Equipping all electric machines with adjustable-speed capability holds great potential for significantly reducing global electricity consumption and greenhouse gas emissions. A promising strategy for spurring much broader adoption of adjustable-speed motor drives is to physically integrate the power electronics inside electric machines, achieving major mass, volume, and cost reductions by eliminating separate enclosures and connecting cables. This tutorial explores the past, present, and future of integrated motor drives (IMDs) by first reviewing past and recent milestones in IMD developments including the underlying technologies that have both enabled and constrained them. Attention is next turned to transformative advances in wide-bandgap (WBG) power semiconductor technology (SiC and GaN) that offer exciting opportunities for shrinking the size of power converters by significantly raising their operating frequencies. Looking ahead, the case will be made for using WBG switches to spark a revival of current-source inverters (CSIs) for future machine drives. Recent IMD research projects at UW-Madison covering a wide range of power ratings from 3 kW to 1 MW will be briefly reviewed. These projects will be used to highlight the impressive progress that is being made worldwide to extend the boundaries of IMD technology in demanding high-performance applications ranging from electric vehicle traction drives to electrified aircraft propulsion drives. The presentation will conclude with a review of both the opportunities and challenges presented by WBG switches for realizing the full potential of integrated motor drives during coming years.
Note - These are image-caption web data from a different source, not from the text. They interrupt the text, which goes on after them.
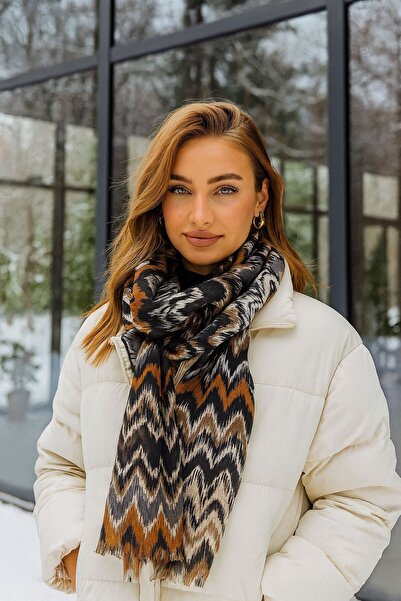 Axesoire 15067 Ethnic Patterned Black Shawl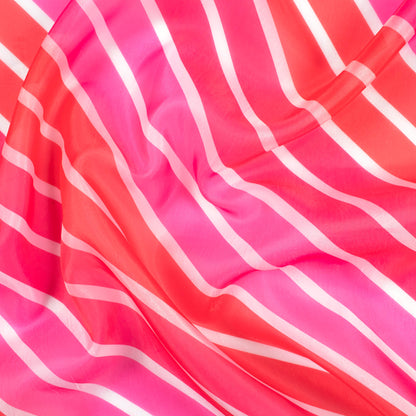 Hot Pink And Red Bandhanii Pattern Digital Print Organza Satin Fabric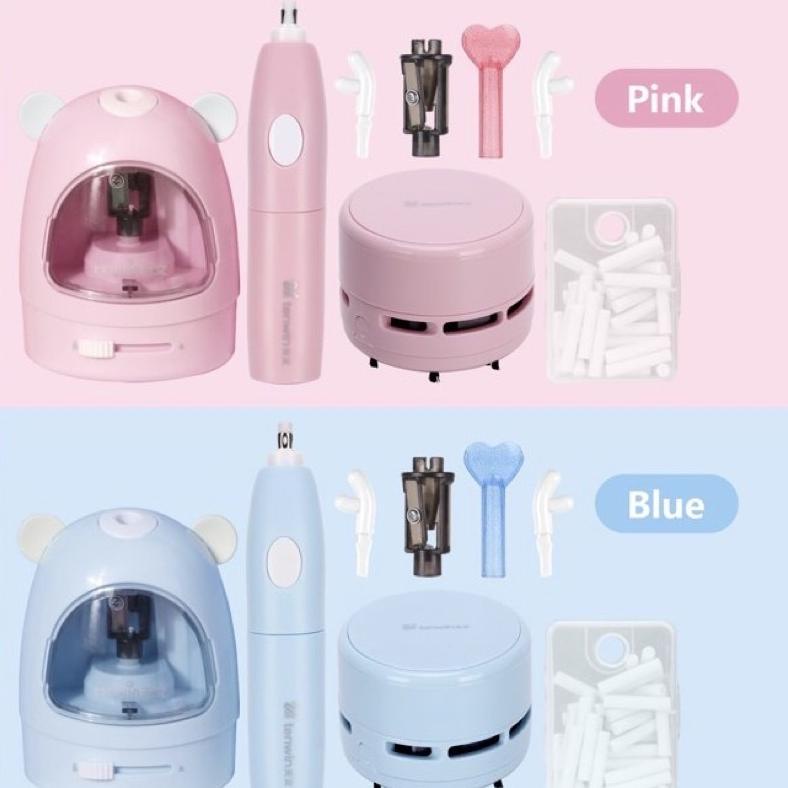 

tenwin electric stationery set alat tulis penghapus serutan elektrik sharpener eraser - kado anak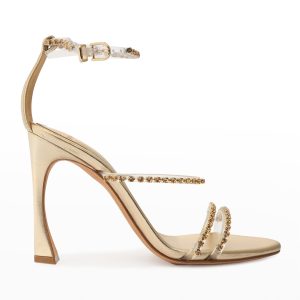 ALEXANDRE BIRMAN Dolores Crystal Metallic Ankle-Strap Sandals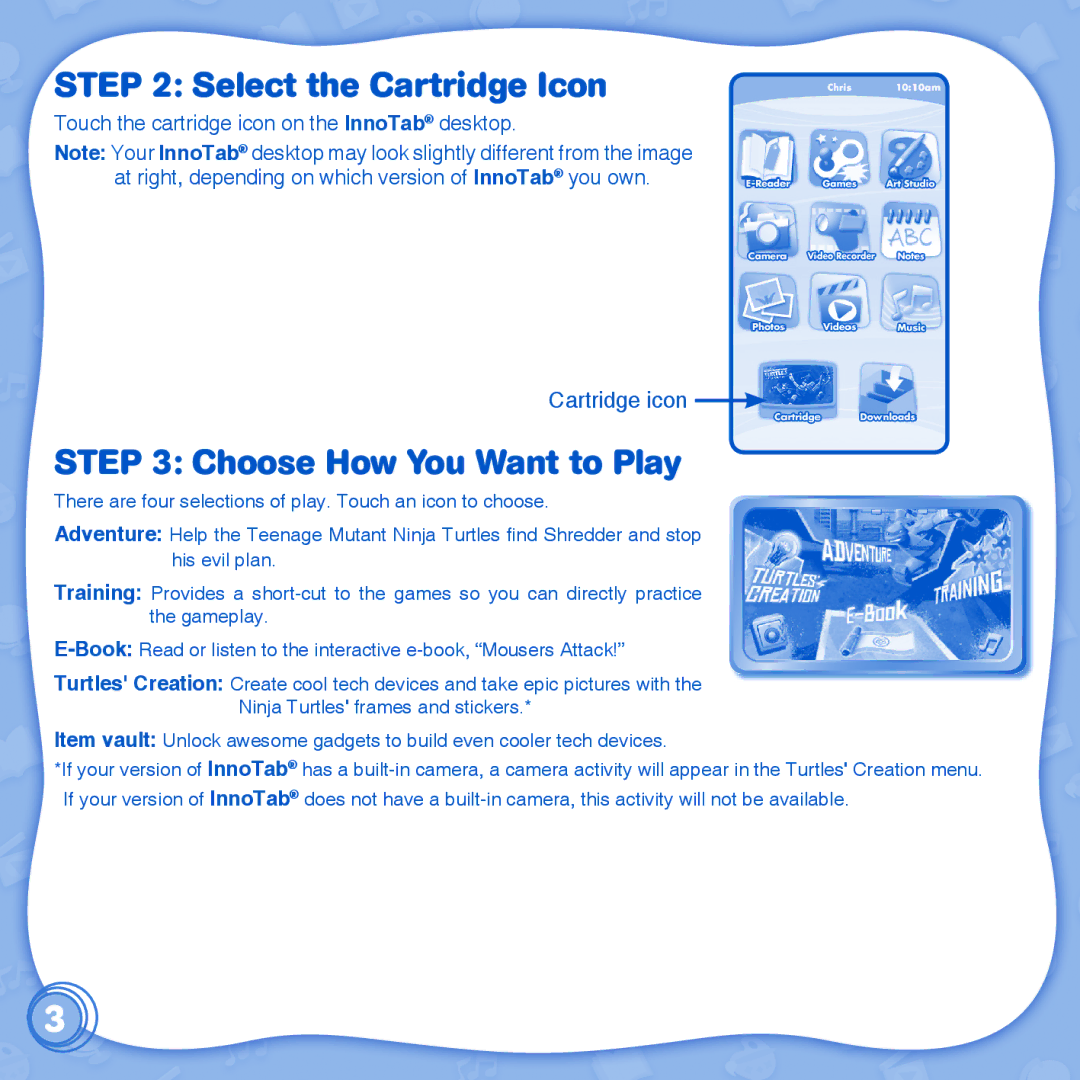 VTech 1 InnoTab user manual Select the Cartridge Icon, Choose How You Want to Play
Thomas M. Jahns received his PhD and combined MS/BS degrees in electrical engineering from the Massachusetts Institute of Technology in 1978 and 1974, respectively.
In 1998, Dr. Jahns joined the Department of Electrical and Computer Engineering at the University of Wisconsin-Madison as a Grainger Professor of Power Electronics and Electric Machines, where he served as Co-Director/Director of the Wisconsin Electric Machines and Power Electronics Consortium (WEMPEC) for 14 years from 2007 to 2021. Prior to joining UW, he worked at GE Corporate Research and Development (now GE Global Research Center), in Niskayuna, NY, for 15 years. Since his retirement from the active faculty in 2021, Dr. Jahns is continuing to pursue research as a Grainger Emeritus Professor in the areas of high-performance permanent magnet machines, and integrated motor drives using wide-bandgap switches.
Dr. Jahns received the 2005 IEEE Nikola Tesla Technical Field Award and the IAS Outstanding Achievement Award in 2011. He has served both the IEEE Industry Applications Society and Power Electronics Society (PELS) as a Distinguished Lecturer. Dr. Jahns is a Past President of PELS and served two years as Division II Director on the IEEE Board of Directors (2001-2002). He was elected as a member of the US National Academy of Engineering in 2015 and received the IEEE Medal in Power Engineering in 2022.